I got off at 30th Street station. I'd deliberately not studied at map of the area – I'd been absent for 10 years – I'd find my way.
Kinesthetic memory is strange, miraculous thing. Well, I'm not sure that what happened was, technically speaking, kinesthetic memory, but, it was something programmed at a seemingly subconscious level. Without thought I wended through the station, down from the commuter platform, through the congested Amtrak lounge, out onto Market Street. To the left, squatting between the highrises just beyond the unseen Skookle River (OK, that's Schuylkill to you purists, but I so love the way it's pronounced), is the City Hall.

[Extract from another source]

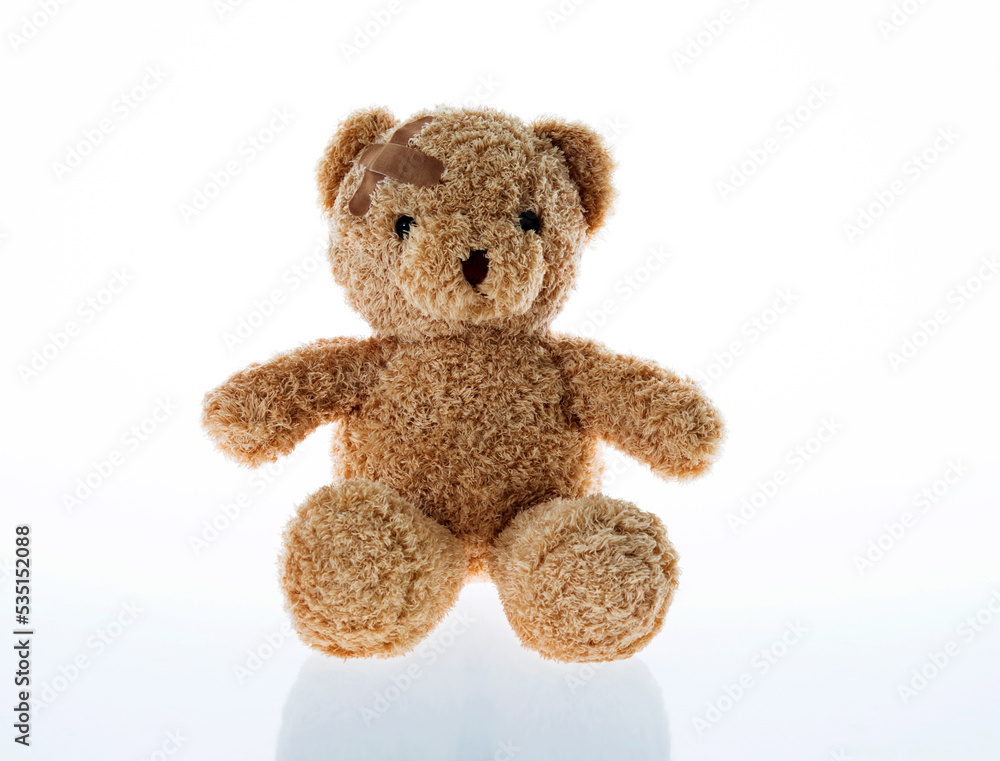 Fototapeta premium Teddy bear with bandages isolated on white background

But I turn right, down Market. On autopilot, I find my way two blocks west to 32nd, cut diagonally across the Drexel University campus, cross Walnut at 34th and angle in front of the prison-esque Van Pelt library of the U of Penn, and then up the tree shrouded Locust walk through the heart of the campus, to emerge at the western end at 40th looking for that coffee shop where I did, probably, 70% of the actual work for my Master's degree. It's gone.
But this subconscious movement had placed me there unerringly: 40th and Locust – though I hadn't recalled the address or even it's exact relation to campus. That's what 2 years of pedestrian navigation of a fairly stable space can do for your body's memories, I guess. But coffee was out of the question – some Mexican upscale restaurant inhabits the corner now. I was very sad.

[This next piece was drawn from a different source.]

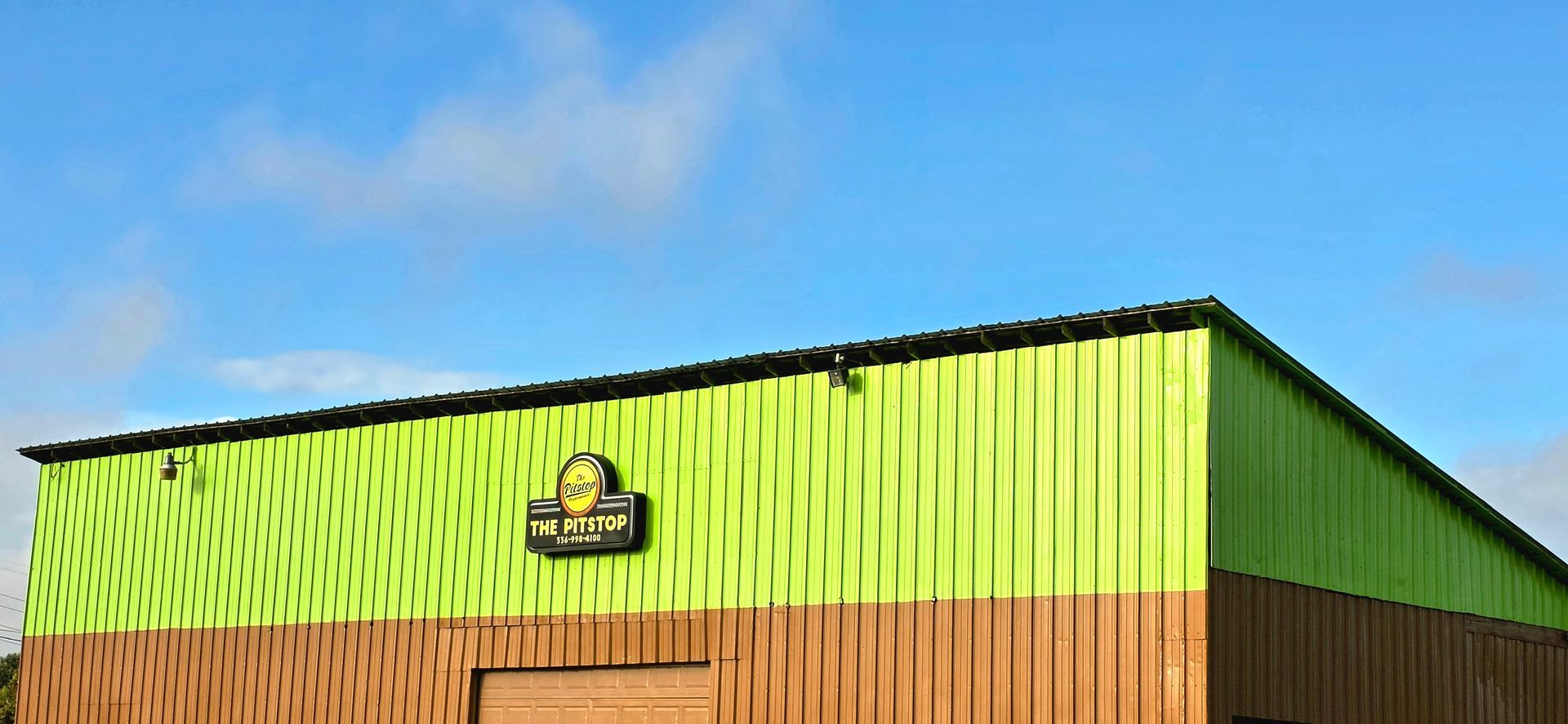 A building with green and brown walls against a blue sky with clouds.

So I kept west on Locust and then zigzagged down to 43rd. Where I lived, that first year in Philly, before Michelle joined me here. At first, walking westward from campus, I worried the whole area had gentrified beyond recognition over the last decade, but, abruptly at 42nd, the ghetto kicked in, just as I remembered it. 43rd at Baltimore is still that wonderful edgy space between student slum and REAL slum. And there, on the northwest corner, the cheesesteak and pizza joint I used to go to.
How could I resist? I went inside – I don't think the menu has even changed. I mean, not in content, not even physically – aged red plastic above the counter, yellow letters. The place doesn't seem to be run by the same family though – I have vague recollections that before it was run by a Caribbean or East Indian family. Now it appears to be run by a very large and diverse African American family, every single one of whom were squeezed behind the counter. They couldn't move around back there, so they just passed boxes of pizza over each other's heads and argued among themselves from where each stood.
I ordered a cheesesteak with sweet and hot peppers, just like I used to, and got some iced tea. I watched some horrible movie on the TV with some men who had quart bottles of Budweiser and looked tired. The TV was a flat screen, now, I noticed. I guess some things change. The trolleys clanged and whirred past on Baltimore Ave. outside the window.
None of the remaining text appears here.